Владимир Васильевич
Владимир Васильевич был похож на одинокую птицу. Вытянутое, худощавое лицо, тонкий с орлиной горбинкой нос, опущенные, как у Пьеро, кончики губ, застывшие в гримасе. Законсервированный в невидимой колбе в определенном возрасте и в определенном состоянии души, Владимир Васильевич бродил по залу, взглядом упираясь как будто в глубину сознания. Девочки побаивались смотреть на него. Что-то отталкивало в лице: то ли старческие морщины, то ли этот отрешенный, тяжелый взгляд. Света рассказывала, что она даже заплакала от страха, когда ее первый раз подвели к Владимиру Васильевичу. Она мечтала заниматься у Разумовских. Но те объяснили родителям, что девочка у них способная, но, к сожалению, не подходит по возрасту.
Разумовские считались ведущими тренерами в ЦСКА. Их гимнастки входили в сборную страны. Кто же из девочек в ЦСКА не мечтал заниматься у Разумовских?

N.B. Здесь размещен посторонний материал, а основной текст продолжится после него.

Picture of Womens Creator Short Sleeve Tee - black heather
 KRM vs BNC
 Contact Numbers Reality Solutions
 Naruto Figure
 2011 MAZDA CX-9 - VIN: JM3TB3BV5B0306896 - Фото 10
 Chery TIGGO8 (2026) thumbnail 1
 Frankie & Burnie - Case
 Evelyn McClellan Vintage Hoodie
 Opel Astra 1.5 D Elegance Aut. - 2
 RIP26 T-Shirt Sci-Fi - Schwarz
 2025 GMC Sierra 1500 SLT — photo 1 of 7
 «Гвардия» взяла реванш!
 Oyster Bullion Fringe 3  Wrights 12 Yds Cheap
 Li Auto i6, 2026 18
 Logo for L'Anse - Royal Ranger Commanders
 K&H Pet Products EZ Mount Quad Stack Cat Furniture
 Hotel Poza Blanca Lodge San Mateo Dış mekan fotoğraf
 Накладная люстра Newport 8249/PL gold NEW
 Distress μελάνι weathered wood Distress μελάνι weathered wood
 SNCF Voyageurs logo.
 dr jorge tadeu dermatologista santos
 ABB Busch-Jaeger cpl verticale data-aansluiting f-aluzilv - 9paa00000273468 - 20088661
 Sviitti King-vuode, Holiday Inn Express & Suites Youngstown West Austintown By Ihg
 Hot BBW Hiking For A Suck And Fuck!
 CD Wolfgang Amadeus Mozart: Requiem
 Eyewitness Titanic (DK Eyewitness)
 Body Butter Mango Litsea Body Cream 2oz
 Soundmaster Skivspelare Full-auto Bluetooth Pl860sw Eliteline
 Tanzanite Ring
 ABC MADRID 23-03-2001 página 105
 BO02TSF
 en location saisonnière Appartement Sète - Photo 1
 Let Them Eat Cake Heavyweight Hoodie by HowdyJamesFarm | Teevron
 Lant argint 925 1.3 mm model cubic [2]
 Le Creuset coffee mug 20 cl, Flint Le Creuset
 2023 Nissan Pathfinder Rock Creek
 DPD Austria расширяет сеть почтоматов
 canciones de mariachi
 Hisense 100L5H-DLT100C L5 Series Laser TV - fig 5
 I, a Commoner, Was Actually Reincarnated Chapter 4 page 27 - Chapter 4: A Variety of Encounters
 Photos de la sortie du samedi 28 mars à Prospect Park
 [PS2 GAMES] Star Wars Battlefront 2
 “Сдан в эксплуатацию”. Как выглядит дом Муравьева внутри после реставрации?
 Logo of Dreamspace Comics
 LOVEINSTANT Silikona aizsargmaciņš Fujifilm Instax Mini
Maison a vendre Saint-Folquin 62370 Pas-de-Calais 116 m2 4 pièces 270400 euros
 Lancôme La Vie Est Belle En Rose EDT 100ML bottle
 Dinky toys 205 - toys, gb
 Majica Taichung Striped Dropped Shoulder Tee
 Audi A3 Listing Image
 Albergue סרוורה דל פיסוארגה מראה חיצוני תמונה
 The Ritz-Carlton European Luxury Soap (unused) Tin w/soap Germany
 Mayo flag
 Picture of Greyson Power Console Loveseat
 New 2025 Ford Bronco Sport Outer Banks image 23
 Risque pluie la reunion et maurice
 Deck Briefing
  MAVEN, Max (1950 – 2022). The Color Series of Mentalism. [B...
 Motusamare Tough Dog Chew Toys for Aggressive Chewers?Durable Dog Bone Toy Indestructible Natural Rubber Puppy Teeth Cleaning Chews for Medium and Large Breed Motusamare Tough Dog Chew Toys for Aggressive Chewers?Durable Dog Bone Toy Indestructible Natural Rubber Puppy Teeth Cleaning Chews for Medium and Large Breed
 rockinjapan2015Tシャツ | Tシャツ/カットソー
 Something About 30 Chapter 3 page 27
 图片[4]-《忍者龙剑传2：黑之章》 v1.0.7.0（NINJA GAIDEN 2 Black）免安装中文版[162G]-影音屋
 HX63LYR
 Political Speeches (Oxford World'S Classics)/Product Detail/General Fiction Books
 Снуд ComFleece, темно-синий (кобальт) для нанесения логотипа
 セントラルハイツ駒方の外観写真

Владимир Васильевич не любил беспорядка. Разбросанные там и сям маты и кубики, очевидно, раздражали его упорядоченный внутренний мир. Перед тренировкой Владимир Васильевич, по обыкновению, приводил в порядок гимнастический зал. (Как в сказке Маленький принц свою любимую планету). Кубики катил на ребре, ставил кирпичиками у стены. Маты укладывал один на другой, ровными слоями, с геометрической точностью, сторона к стороне, углы к углам. И любовался, как Бог, проделанной работой. Созерцая успокоенной душой геометрическое безмолвие гимнастического зала.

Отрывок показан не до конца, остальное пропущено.